The only host plant for Karner Blue caterpillars, the wild blue lupine (Lupinus perennis), is declining in numbers, and the population of Karner Blues is declining with them. Karner Blues have been on the federal endangered species list since 1992.
- Karner Blue Butterfly
Visual aids to identification - Nature Conservancy - Rhapsody in Blue
For most of the year, the Karner blue butterfly exists as a tiny, dimpled white egg. - Sing Your Purple Song
I am quietly sitting in a sandy opening, surrounded by the pretty leaves and massed lavender flowers of wild lupine.
The Lifecycle of the Karner Blue
Karner Blue Butterflies were discovered and named by lepidopterist Vladimir Nabokov, a Russian emigre better known for his literary achievements, including his notorious masterpiece, Lolita.

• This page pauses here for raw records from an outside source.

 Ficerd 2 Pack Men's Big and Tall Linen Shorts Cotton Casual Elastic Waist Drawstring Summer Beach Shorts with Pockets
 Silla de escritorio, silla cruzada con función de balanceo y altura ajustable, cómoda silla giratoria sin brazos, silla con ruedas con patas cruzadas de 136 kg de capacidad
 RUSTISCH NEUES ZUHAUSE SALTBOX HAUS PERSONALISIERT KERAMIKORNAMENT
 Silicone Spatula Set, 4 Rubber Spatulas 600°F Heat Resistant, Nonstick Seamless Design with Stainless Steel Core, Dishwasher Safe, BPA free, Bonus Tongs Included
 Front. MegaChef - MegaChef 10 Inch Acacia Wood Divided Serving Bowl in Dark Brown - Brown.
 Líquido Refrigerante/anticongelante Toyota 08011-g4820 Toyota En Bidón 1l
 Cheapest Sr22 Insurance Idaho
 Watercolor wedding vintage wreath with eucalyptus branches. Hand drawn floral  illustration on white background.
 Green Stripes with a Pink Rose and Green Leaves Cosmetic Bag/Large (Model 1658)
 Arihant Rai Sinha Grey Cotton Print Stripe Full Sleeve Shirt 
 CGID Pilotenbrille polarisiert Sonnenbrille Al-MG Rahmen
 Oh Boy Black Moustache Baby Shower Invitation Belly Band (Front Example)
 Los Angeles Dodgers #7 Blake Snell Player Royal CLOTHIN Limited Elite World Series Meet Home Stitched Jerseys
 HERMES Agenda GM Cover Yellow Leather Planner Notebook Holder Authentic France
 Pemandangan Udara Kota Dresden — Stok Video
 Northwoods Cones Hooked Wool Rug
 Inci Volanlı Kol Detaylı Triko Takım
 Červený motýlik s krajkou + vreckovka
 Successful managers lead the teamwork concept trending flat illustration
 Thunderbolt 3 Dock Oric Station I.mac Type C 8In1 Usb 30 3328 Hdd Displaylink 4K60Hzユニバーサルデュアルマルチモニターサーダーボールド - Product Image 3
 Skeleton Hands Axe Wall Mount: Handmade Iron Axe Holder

They have an unusual life cycle, with two breeding cycles per year. Karner Blue eggs overwinter on lupine plants, hatching into tiny larvae who feed on the plants before forming chrysalises and emerging as butterflies in late May. The adults are short-lived - only about 7-10 days - but they lay more eggs on the lupines,which hatch and produce another batch of butterflies in late July or August. The second batch lays more eggs, which wait through the winter before starting the cycle all over again.
Range of the Karner Blues
Karner Blues once lived in a narrow band from Minnesota to Maine.The largest remaining population exists in Wisconsin, where they can be locally quite common in some areas. Smaller populations survive in Indiana, Michigan, Minnesota, and New York, and the butterflies have been reintroduced with some success to Ohio and New Hampshire. They are believed extinct in Iowa, Illinois, Pennsylvania, Massachusetts, Maine, and Ontario.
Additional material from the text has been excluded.